ElasTraS: Elastic Transaction Management in the Cloud
ElasTraS targets the design space of scalable, elastic, fault-tolerant, self-managing, transactional relational database for the cloud. ElasTraS is designed to scale out using a cluster of commodity machines while being fault-tolerant and self-managing. ElasTraS is designed to support both classes of database needs for the cloud: (i) large databases partitioned across a set of nodes, and (ii) a large number of small and independent databases common in multi-tenant databases. ElasTraS borrows from the design philosophy of scalable Key-Value stores to minimize distributed synchronization and remove scalability bottlenecks, while leveraging decades of research on transaction processing, concurrency control, and recovery to support rich functionality and transactional guarantees.

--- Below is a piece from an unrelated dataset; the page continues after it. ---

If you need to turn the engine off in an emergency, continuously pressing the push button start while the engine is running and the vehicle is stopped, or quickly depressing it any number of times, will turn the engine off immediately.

Cloud computing has emerged as a pervasive paradigm for hosting Internet scale applications in large computing infrastructures. Major enabling features of the cloud include elasticity of resources, pay per use, low time to market, and the perception of unlimited resources and infinite scalability. As a result, there has been a widespread migration of IT services from enterprise computing infrastructures (i.e., networked cluster of expensive servers) to cloud infrastructures (i.e., large data-centers with hundreds of thousands of commodity servers). Since one of the primary uses of the cloud is for hosting a wide range of web applications, scalable data management systems that drive these applications are a crucial technology component in the cloud.

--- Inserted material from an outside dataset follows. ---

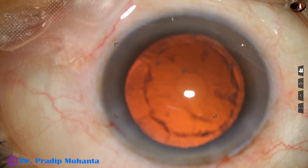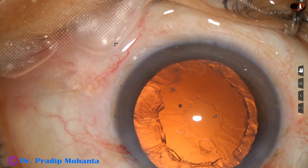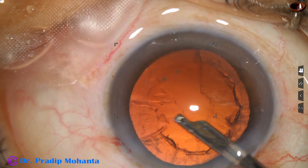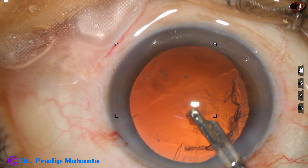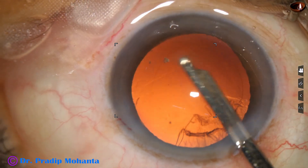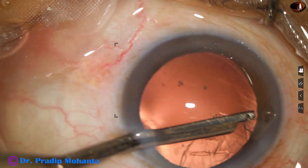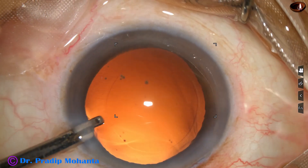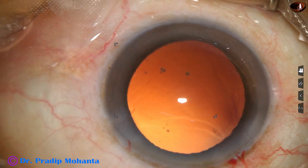And now cortical cleanup is to be done. I inject some viscoelastic. I have only one side port, and the width of the side port is a little more — about 1.7 millimeters. This is a 23-gauge Simcoe, and it easily goes through the side port. We can remove the sub-incisional cortex very easily going through the side port. If the side port is very small, we can use bimanual irrigation-aspiration for the sub-incisional cortex.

The ElasTraS project aims to fill the gap in the context of data management for applications in the cloud. ElasTraS is designed to support a relational data model and foreign key relationships amongst tables in a database. Given a set of partitions of the same or different databases, ElasTraS can:
- deal with workload changes resulting in the growing and shrinking of the cluster size,
- load balance the partitions,
- recover from node failures,
- if configured for dynamic partitioning, then dynamically split hot or very big partitions, and merge consecutive small partitions using a partitioning scheme specified in advance, and
- provide transactional access to the database partitions, while scaling to large amounts of data and large numbers of concurrent transactions.

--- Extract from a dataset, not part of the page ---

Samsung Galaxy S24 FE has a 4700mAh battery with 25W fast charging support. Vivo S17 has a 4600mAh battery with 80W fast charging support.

Transaction Management in the Cloud: We also develop novel techniques for transactional management in the cloud. Most transactional cloud databases use some form of locking for concurrency control, either dynamic locking as the case in Spanner and MySQL Cluster, or static locking as the case in Calvin. In fact, aside from Megastore, all major production database management systems, whether designed for the cloud or not, use lock-based concurrency control. However, dealing with locks left by transactions initiated by failed machines, and determining a multi-programming level that avoids thrashing without under-utilizing available resources, are some of the challenges that arise when using lock-based transaction processing mechanisms in the cloud context. Even in the case of optimistic concurrency control, most proposals in the literature deal with distributed validation but still require the database to acquire locks during two-phase commit when installing updates of a single transaction on multiple machines. Very little theoretical work has been done to entirely eliminate the need for locking in distributed transactions, including locks acquired during two-phase commit.
We tackle the practicality issues associated with OCC when implementing transactions at the database layer in a distributed setting. We present a novel re-design of OCC that (1) eliminates the need for any locking during two-phase commit when executing distributed transactions, (2) reduces the abort rate of OCC to a rate much less than that incurred by deadlock avoidance mechanisms in lock-based concurrency control, such as wait-die and wound-wait, (3) preserves the no-thrashing property that characterizes OCC, and (4) preserves the higher throughput that OCC demonstrates compared to lock-based concurrency control. Thus, our novel re-design of OCC overcomes the disadvantages of existing OCC mechanisms, while preserving the advantages of OCC over lock-based concurrency control. We implement our proposed approach as part of a transaction processing
system that we develop; we refer to this transaction processing system as MaaT, which is an abbreviation of "Multi-access as a Transaction."